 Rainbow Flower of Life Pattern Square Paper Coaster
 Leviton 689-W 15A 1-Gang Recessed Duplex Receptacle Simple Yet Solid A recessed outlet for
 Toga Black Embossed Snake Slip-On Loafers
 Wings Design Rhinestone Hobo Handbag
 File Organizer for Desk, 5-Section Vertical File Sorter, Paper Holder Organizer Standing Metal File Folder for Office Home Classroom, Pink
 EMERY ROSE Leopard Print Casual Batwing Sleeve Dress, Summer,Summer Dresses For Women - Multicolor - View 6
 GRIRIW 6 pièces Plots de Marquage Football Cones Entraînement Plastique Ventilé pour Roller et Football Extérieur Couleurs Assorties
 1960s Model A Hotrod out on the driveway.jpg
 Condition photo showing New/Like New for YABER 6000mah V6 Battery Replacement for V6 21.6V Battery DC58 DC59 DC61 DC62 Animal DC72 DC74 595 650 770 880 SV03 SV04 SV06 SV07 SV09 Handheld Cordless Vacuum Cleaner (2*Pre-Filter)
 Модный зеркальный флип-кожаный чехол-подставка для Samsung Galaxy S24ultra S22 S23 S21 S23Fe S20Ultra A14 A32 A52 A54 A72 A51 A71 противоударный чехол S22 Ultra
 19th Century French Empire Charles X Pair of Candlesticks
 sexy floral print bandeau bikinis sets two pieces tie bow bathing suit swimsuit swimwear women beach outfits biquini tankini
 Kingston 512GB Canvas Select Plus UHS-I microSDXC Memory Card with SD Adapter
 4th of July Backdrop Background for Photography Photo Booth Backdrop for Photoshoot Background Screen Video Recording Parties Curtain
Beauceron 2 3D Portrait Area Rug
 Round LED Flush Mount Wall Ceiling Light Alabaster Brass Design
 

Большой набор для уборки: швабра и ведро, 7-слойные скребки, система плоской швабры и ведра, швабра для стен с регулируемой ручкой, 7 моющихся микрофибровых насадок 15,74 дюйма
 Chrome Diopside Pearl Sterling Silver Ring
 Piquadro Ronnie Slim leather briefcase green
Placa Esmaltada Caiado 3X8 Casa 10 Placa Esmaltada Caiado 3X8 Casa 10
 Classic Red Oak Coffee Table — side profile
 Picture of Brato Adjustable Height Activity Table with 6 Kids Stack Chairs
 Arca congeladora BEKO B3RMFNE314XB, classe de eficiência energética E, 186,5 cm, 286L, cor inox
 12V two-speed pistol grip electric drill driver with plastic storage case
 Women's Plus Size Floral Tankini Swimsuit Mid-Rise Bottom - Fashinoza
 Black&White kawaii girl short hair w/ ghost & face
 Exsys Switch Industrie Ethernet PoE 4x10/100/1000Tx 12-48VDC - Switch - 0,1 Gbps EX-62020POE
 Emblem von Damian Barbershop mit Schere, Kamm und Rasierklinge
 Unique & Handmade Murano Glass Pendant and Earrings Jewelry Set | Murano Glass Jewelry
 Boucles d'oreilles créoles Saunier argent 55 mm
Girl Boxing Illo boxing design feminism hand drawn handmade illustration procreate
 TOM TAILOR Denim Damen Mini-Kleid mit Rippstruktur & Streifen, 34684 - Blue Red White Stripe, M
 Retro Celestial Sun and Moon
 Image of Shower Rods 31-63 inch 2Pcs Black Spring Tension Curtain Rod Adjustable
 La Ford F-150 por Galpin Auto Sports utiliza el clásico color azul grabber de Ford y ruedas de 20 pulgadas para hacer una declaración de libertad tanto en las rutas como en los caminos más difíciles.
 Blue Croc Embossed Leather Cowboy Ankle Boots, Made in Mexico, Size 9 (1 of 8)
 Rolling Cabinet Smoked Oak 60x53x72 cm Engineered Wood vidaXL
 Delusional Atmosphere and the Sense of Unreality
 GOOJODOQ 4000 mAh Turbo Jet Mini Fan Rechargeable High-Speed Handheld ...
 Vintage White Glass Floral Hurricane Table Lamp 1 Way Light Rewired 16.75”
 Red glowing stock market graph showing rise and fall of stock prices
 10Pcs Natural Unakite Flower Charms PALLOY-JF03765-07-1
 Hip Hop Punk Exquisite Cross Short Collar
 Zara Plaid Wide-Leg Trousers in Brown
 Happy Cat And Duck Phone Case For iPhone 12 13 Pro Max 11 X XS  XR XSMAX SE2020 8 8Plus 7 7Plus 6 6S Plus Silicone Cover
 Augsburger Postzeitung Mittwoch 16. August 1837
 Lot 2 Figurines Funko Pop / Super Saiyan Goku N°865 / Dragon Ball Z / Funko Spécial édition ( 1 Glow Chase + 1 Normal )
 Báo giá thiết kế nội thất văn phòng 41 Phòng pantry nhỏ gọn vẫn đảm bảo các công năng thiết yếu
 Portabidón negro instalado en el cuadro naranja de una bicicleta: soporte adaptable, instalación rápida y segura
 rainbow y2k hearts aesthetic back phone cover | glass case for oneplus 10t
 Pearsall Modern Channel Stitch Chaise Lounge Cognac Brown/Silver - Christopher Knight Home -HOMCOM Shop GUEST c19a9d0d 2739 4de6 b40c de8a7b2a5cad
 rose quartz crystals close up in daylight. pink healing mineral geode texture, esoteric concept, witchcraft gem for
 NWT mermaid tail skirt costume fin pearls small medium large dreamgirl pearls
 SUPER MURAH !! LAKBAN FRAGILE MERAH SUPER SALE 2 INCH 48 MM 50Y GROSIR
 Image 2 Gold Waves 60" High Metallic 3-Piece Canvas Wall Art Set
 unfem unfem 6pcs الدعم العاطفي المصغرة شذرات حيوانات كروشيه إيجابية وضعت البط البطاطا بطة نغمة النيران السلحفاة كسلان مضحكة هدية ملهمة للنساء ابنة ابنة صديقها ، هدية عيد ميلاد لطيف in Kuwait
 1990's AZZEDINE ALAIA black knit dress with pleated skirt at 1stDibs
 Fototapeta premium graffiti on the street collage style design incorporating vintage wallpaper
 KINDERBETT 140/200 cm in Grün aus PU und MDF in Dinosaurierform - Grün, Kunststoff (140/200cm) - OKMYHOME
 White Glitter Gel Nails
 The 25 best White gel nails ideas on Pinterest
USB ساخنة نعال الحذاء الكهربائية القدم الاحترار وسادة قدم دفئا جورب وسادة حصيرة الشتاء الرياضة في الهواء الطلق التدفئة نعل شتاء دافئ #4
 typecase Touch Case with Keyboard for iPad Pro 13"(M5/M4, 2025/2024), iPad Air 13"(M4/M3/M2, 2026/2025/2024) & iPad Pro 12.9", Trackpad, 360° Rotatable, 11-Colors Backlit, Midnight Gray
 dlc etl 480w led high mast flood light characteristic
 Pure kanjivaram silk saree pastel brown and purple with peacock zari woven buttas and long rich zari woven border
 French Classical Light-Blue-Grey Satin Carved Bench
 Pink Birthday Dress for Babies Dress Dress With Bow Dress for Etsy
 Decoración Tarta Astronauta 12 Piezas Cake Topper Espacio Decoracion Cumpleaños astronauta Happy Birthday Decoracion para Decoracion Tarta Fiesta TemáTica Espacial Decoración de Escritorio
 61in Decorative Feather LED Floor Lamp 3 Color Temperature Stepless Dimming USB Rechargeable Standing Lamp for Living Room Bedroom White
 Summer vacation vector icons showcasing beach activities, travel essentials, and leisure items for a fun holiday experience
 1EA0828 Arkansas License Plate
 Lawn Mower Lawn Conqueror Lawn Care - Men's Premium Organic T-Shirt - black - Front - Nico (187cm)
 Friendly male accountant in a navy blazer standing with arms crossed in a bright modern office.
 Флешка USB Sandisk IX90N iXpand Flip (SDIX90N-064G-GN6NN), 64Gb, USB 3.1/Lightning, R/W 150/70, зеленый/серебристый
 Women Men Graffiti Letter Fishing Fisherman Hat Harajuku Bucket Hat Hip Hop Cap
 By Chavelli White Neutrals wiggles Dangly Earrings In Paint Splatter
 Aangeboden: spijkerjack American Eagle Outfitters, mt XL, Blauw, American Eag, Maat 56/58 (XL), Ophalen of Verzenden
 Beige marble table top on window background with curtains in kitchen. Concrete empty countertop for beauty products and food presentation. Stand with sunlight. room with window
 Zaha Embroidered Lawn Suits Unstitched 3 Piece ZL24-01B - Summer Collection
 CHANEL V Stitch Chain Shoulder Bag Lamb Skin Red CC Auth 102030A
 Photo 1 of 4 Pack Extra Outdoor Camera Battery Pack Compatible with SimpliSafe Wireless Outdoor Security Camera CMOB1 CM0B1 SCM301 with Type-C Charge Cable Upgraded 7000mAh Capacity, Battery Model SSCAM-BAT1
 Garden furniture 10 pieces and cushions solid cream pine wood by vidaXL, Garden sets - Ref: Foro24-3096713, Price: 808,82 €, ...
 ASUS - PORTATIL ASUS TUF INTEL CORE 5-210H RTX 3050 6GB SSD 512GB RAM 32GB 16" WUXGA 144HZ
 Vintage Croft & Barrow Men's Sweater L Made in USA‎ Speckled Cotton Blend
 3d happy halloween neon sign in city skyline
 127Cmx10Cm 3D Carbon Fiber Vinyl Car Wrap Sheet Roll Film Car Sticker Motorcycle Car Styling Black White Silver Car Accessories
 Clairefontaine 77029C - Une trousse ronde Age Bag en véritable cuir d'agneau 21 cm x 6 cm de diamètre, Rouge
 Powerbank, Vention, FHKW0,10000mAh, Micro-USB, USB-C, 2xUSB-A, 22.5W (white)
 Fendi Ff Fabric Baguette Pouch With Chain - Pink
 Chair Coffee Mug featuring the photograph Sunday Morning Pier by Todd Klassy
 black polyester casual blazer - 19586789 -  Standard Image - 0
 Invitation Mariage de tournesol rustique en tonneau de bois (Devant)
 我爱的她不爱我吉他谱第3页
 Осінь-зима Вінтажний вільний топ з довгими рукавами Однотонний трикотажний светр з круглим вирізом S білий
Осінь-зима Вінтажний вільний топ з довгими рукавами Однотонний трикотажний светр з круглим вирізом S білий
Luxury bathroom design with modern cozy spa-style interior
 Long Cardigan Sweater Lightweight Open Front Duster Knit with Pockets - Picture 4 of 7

§

From the material above, set down exactly the lines between the line holding "Большой набор для" and the line holding "Chrome Diopside Pearl Sterling Silver Ring", inclusive. Include nothing else.

Большой набор для уборки: швабра и ведро, 7-слойные скребки, система плоской швабры и ведра, швабра для стен с регулируемой ручкой, 7 моющихся микрофибровых насадок 15,74 дюйма
 Chrome Diopside Pearl Sterling Silver Ring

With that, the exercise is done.